Wednesday, May 7, 2014

C.H.J. Taylor-Lynchings



In November, 1893, Charles H.J. Taylor, Kansas journalist and president of the National Negro Democratic League, delivered a speech at a National Negro Convention in Cincinnati proposing that the federal government should hold the states responsible for lynchings occurring within their borders, and the states in turn should hold counties responsible[20]  by levying a payment by the county of 
$10,000 to the family of victims of lynching.[21]

Taylor’s speech was significant on two levels: first, it carried weight because he had recently been appointed by Grover Cleveland as ambassador to Bolivia, the first such appointment for an African American outside of Liberia and Haiti. Second, Taylor’s advocacy of a governmental response to lynching was an implicit rejection of the position taken by Bishop Henry Turner at the Convention that the best response to the growth of white racism in post-Reconstruction America was emigration to Africa: “I do not believe,” said Turner in his convention address, “that there is any manhood future in this country for the Negro, and that his future existence, to say nothing of his future happiness, will depend upon his nationalization.”[22] 

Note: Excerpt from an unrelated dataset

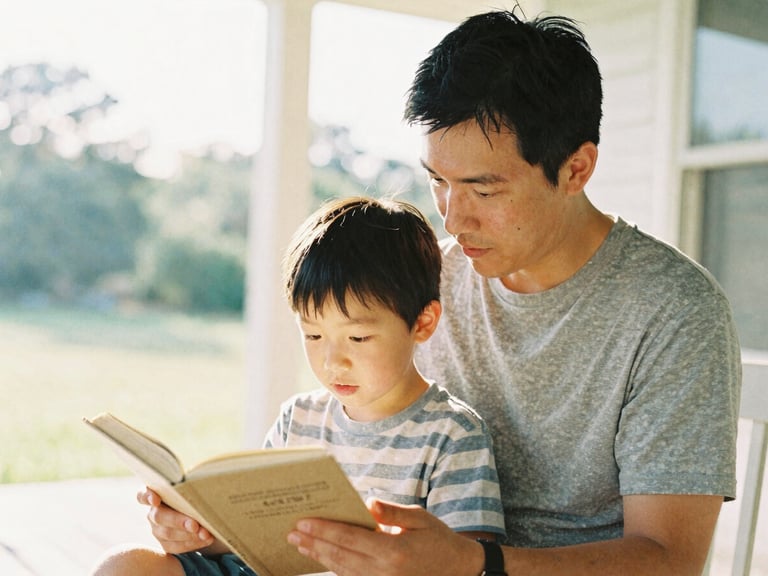 Warm editorial photography of a father and young son reading together on a sunlit porch, soft morning daylight, shallow depth of field, 35mm film style.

Turner’s position did not carry the day at the convention: no radical plan for emigration to Africa was adopted. Instead, the convention recommended establishment of a National Equal Rights Council, and appealed to Congress, governors and the American people for fair and equal justice, echoing Taylor’s appeal.

Lynching diminished in Kansas in coming years: in the decade of the 1890s, sixteen were reported; in the following decade, three,[23] of whom two were African American.[24]  In 1903, Kansas passed an anti-lynching law,[25] but bills to create federal anti-lynching laws were repeatedly defeated in the Senate by Southern Democrats. The first successful Federal prosecution of a lyncher came only in 1946[26] as the result of relentless pressure by the NAACP, heir to C.H.J. Taylor’s National Negro Democratic League, among other civil rights groups.